The invention relates generally to heating apparatus and in particular to cooking adapted to a wood-burning heating apparatus.
Heat from burning fuel is, of course, a traditional medium for cooking food, and cooking over an open fire is undoubtedly the earliest method of cooking. Although ovens and broilers are used for certain kinds of cooking, much cooking is still done atop open sources of heat such as gas or electric ranges.
Open cooking produces a certain amount of cooking odor and gaseous and solid by-products, that can rise to an annoying and uncomfortable level. Many gas and electric stoves are accompanied by overhead hoods for drawing up and exhausting such products. Some are equipped with passages built into the surface of the stove, with fans for drawing cooking by-products down into the stove openings and exhausting them.
The enclosed fire in a wood burning stove transmits enough heat to the frame of the stove so that a stove surface, usually the top, can also be used as a source of heat for cooking.

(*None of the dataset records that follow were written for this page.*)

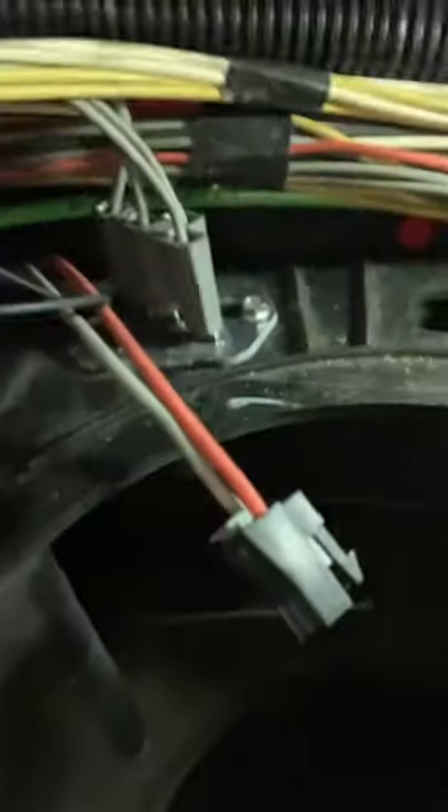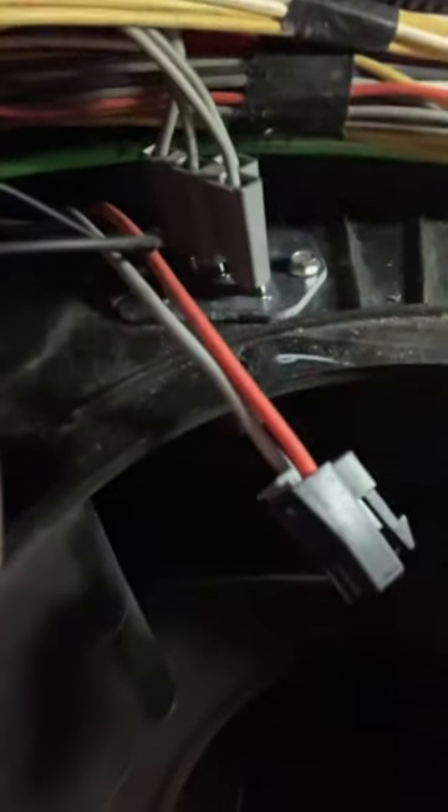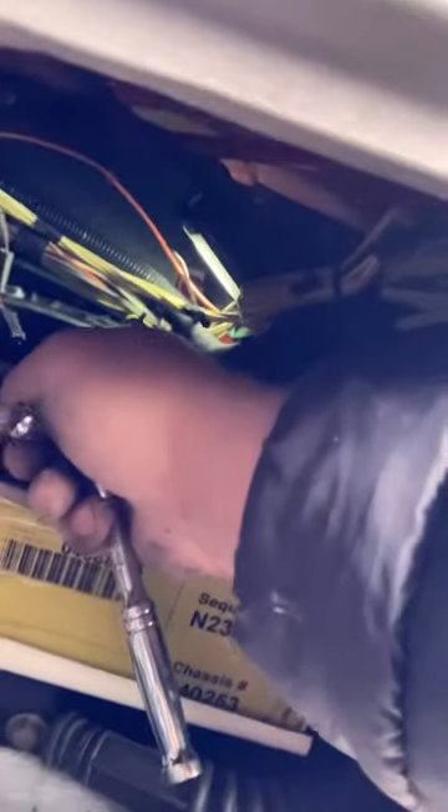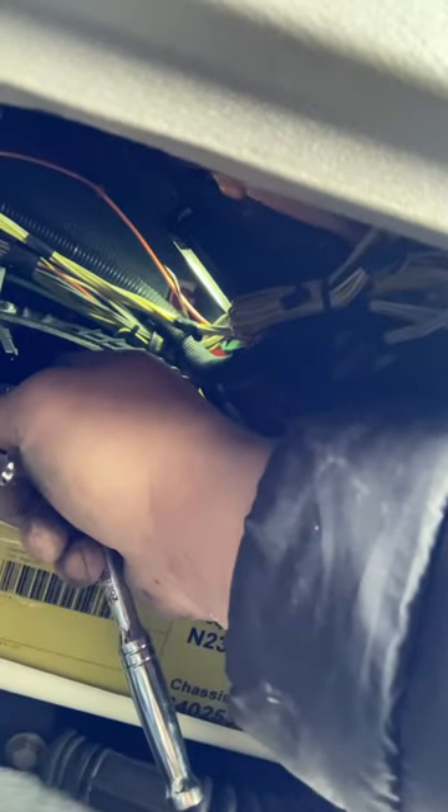I'll show you here really quick — that's the fan blower resistor. It has two bolts, quarter-inch size, and they're hard to get to. So you're better off removing the fan blower first. It sits on three bolts.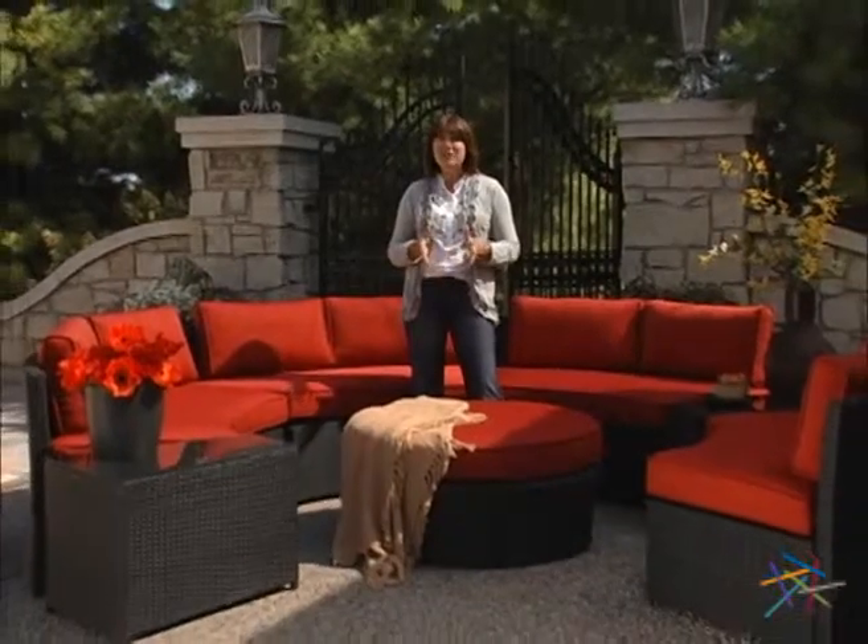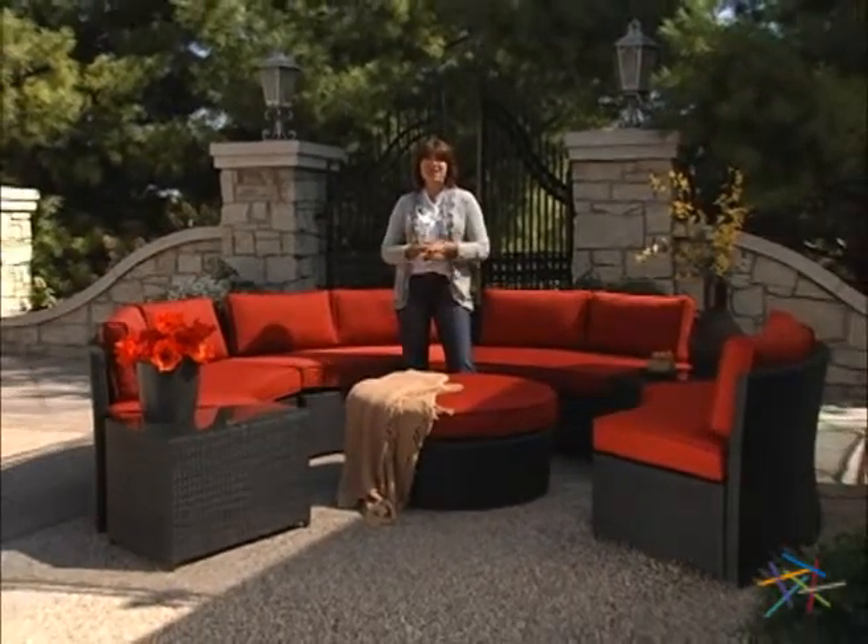Hi, I'm Kelly and this is the Meridian Classic all-weather wicker sectional. Let's take a quick look at why this set is so great for hanging with family or entertaining guests.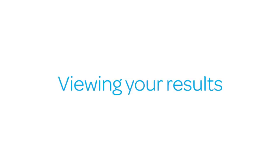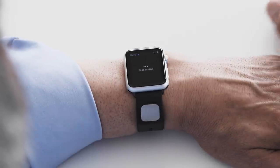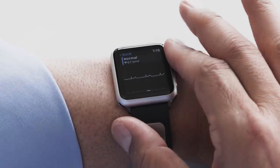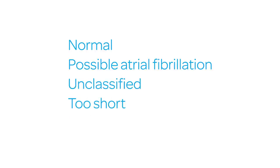Viewing your results. Once it's saved, your ECG will be analyzed and the results shown on your Apple Watch. Swipe to the right or use the digital crown to view your entire ECG recording. Here are your possible recording results: Normal, Possible atrial fibrillation, Unclassified, Too short, Unreadable.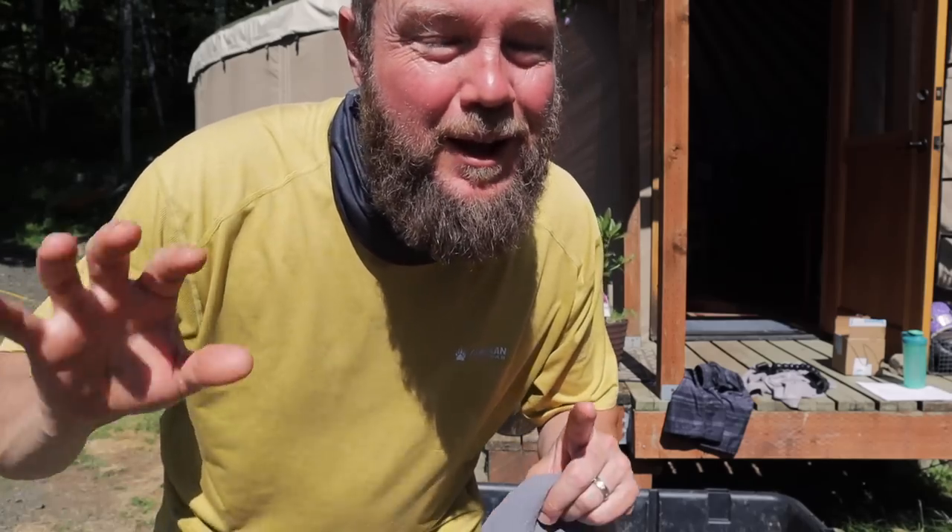Today we are starting in on a project that we have been dreaming about for a long time, and it is going to change the way that we live up here in the woods in our cabin, especially in the winter. I'm really excited to show you what we have planned, so I'm going to load up and we're going to head out and start the project.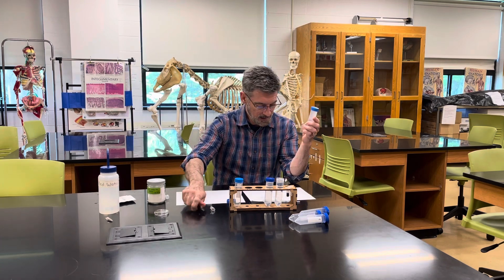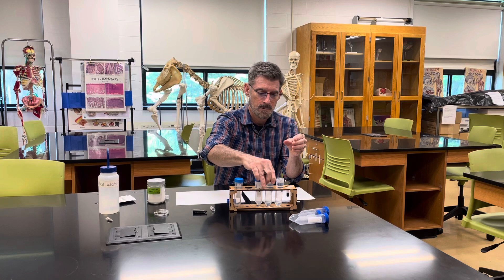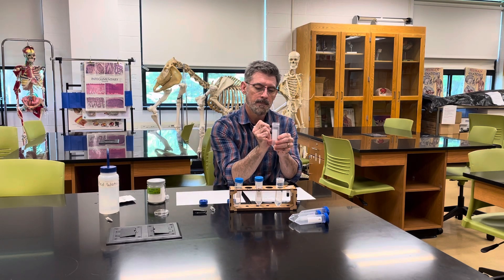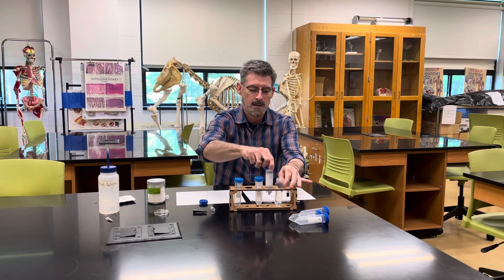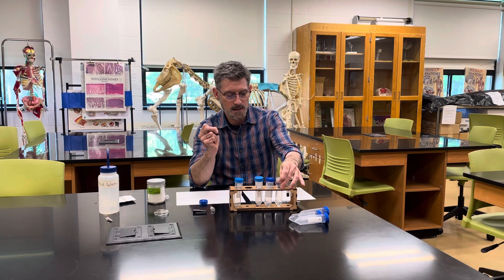Next, you should label these containers. I'm labeling this one with three-quarters teaspoon, this one with one-quarter teaspoon, and this one is the zero — pure water with no salt added at all.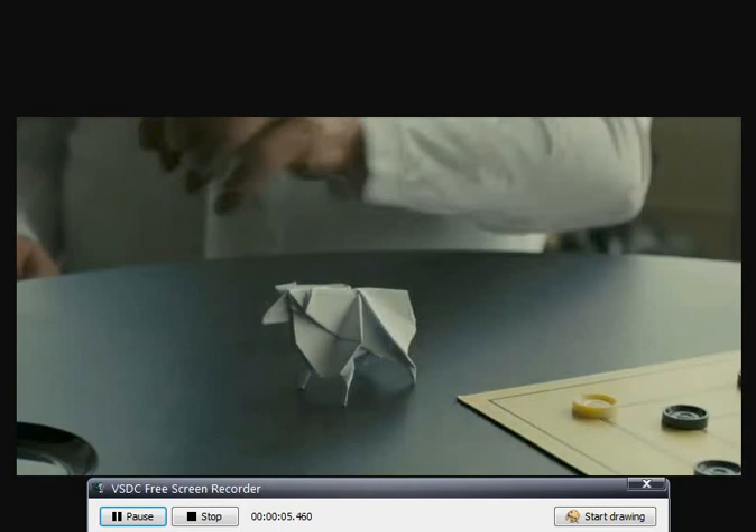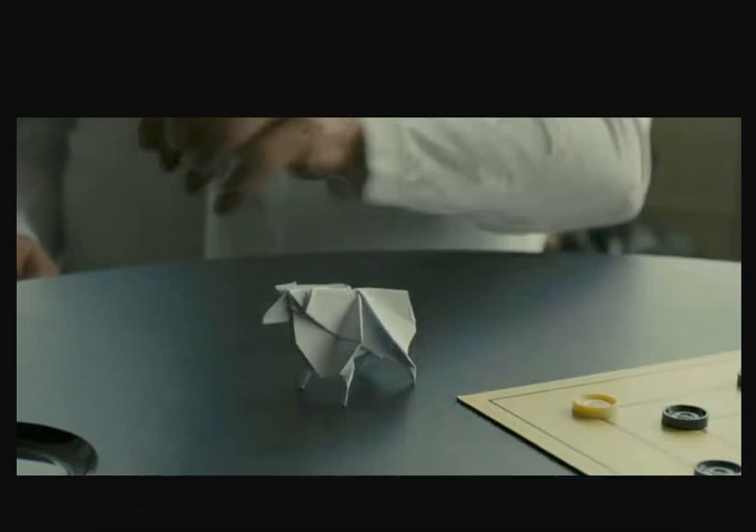If you saw Blade Runner 2049 and you were wondering what the heck was going on with that guy in the old folks home, why was he doing origami? Well, that was Eduardo Gaff, who was in the first movie, and he did matchstick figures and paper folding and gum wrapper folding, and that was central to the plot — a lot at the end of the original movie. But in this one,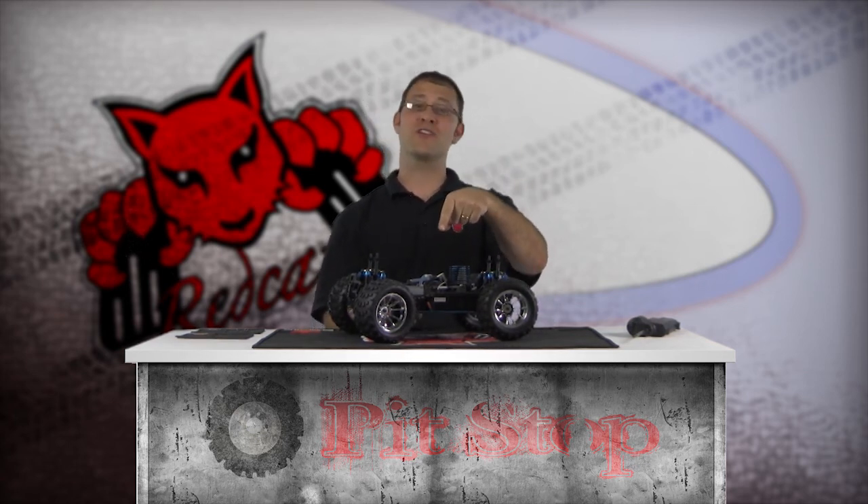Well, this concludes the Nitro Engine Pull Starter Usage and Replacement Segment of the Red Cat Racing Pit Stop How-To Video Series. Don't forget to check out our other Pit Stop How-To Videos brought to you by Red Cat Racing. For more information on the products used in this video, go to www.redcatracing.com. I'm Matt LeMay reminding you to have fun and don't forget your Red Cat.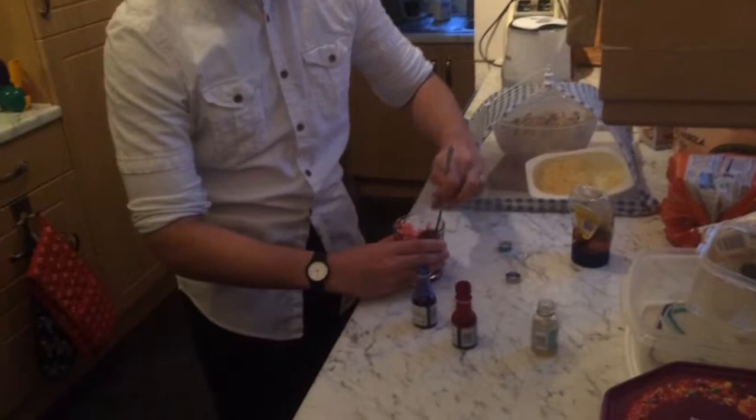Thicken it up a bit. As you can see, it's starting to get a little darker, a little thicker. A little more interesting.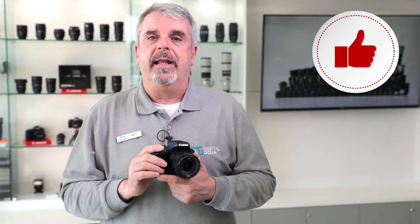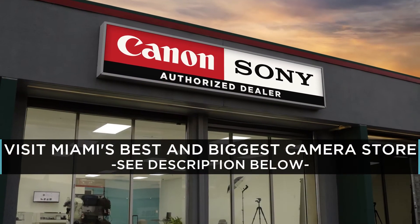Izzy here at Digital Goja. I'd like to go over one of the frequently asked questions about the Canon Rebel T7i. As always, if the video helps you, don't forget to hit us up with the like button underneath. And if you're in the Miami area, come say hello at our Digital Goja showroom.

Cooking on top of a wood stove, however, also produces the cooking odors and other gaseous and solid cooking by-products mentioned above.
A principal object of the invention is to provide a method and apparatus for cooking in conjunction with solid fuel burning stoves like the one described hereinafter, namely, one with a top loading capability which requires that a downdraft through the top loading aperture be maintained if wood is loaded while the fire is lit.
Further objects of the invention are to provide an apparatus and a method for using a wood burning stove for cooking while maintaining the room free of cooking odors and, in the case of the apparatus, which is easy to use and inexpensive to manufacture.